How do the birds manage to fly away undamaged? Possibly because feathers are extremely robust and also act together to spread impact loads. Recent research on Gannets (which catch fish by diving head first into the sea from altitude) has shown that their overlapping feathers spread the load from impact across a wide area, dissipating kinetic energy into elastic bending spread across multiple feathers and spreading it over a broad area of the body rather than just the point of impact.
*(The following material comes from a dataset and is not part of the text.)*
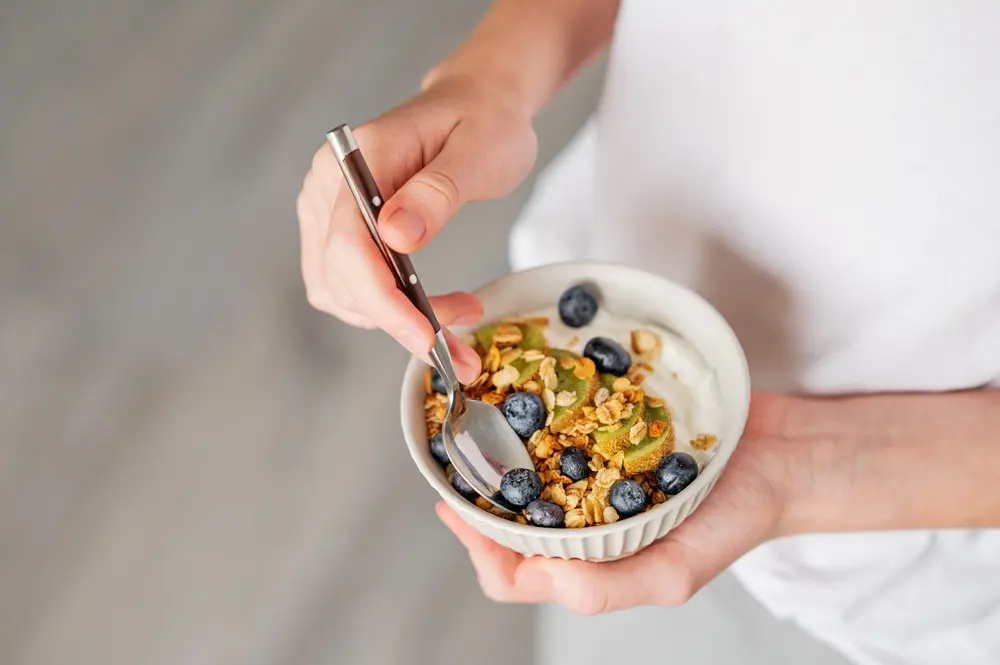 Bol cu iaurt natural Artesana, granola, afine și kiwi, pregătit ca mic dejun bogat în proteine, într-o combinație sănătoasă și echilibrată.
This may be why feathers were used as armour, particularly anti-projectile armour by both the Aztecs and by the people of Hawaii. The Aztecs used feathers on their shields, and particularly extending below the shields where they could stop stray projectiles without overly impairing the movements of the warrior. The Hawaiians wove feathers into spectacularly beautiful cloaks – there is a superb example in Oxford’s Pitt-Rivers museum – those cloaks were apparently not just decorative indicators-of-status, they were also used in warfare – draped over the left arm as a sort of flexible shield that could be held out in front of the warrior to fend off projectiles or ensnare spears.
References
Bhar Kinjal, Chang Brian, Virot Emmanuel, Straker Lorian, Kang Hosung, Paris Romain, Clanet Christophe and Jung Sunghwan 2019. How localized force spreads on elastic contour feathersJ. R. Soc. Interface.162019026720190267 http://doi.org/10.1098/rsif.2019.0267
Ross Hassig. Aztec Warfare: Imperial Expansion and Political Control. Norman: University of Oklahoma Press, 1988.